• **Dataset excerpts**:
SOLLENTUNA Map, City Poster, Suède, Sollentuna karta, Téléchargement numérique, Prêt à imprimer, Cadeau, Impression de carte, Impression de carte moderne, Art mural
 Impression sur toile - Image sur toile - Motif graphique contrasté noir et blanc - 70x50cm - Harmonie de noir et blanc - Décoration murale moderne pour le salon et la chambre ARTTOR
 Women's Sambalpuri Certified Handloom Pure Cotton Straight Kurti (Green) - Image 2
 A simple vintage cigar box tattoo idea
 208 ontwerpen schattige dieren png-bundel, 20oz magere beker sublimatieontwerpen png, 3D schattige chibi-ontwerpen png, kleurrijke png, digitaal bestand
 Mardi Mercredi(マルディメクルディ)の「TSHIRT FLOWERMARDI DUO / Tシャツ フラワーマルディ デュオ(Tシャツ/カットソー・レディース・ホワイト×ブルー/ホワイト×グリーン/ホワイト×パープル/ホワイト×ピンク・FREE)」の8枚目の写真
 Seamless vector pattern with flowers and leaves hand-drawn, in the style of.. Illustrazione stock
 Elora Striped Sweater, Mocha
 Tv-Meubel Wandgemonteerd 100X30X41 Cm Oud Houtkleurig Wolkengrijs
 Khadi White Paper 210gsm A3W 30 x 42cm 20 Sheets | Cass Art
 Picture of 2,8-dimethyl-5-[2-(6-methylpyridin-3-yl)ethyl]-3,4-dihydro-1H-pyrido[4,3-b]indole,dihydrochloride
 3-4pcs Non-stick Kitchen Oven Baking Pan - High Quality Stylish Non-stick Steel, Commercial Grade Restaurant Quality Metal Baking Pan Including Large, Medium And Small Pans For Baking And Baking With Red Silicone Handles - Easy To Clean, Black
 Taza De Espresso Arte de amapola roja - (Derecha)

• **Requirement**:
Take every line in the preceding listing that contains "Impression" and copy it.

• **Output of the exercise**:
SOLLENTUNA Map, City Poster, Suède, Sollentuna karta, Téléchargement numérique, Prêt à imprimer, Cadeau, Impression de carte, Impression de carte moderne, Art mural
 Impression sur toile - Image sur toile - Motif graphique contrasté noir et blanc - 70x50cm - Harmonie de noir et blanc - Décoration murale moderne pour le salon et la chambre ARTTOR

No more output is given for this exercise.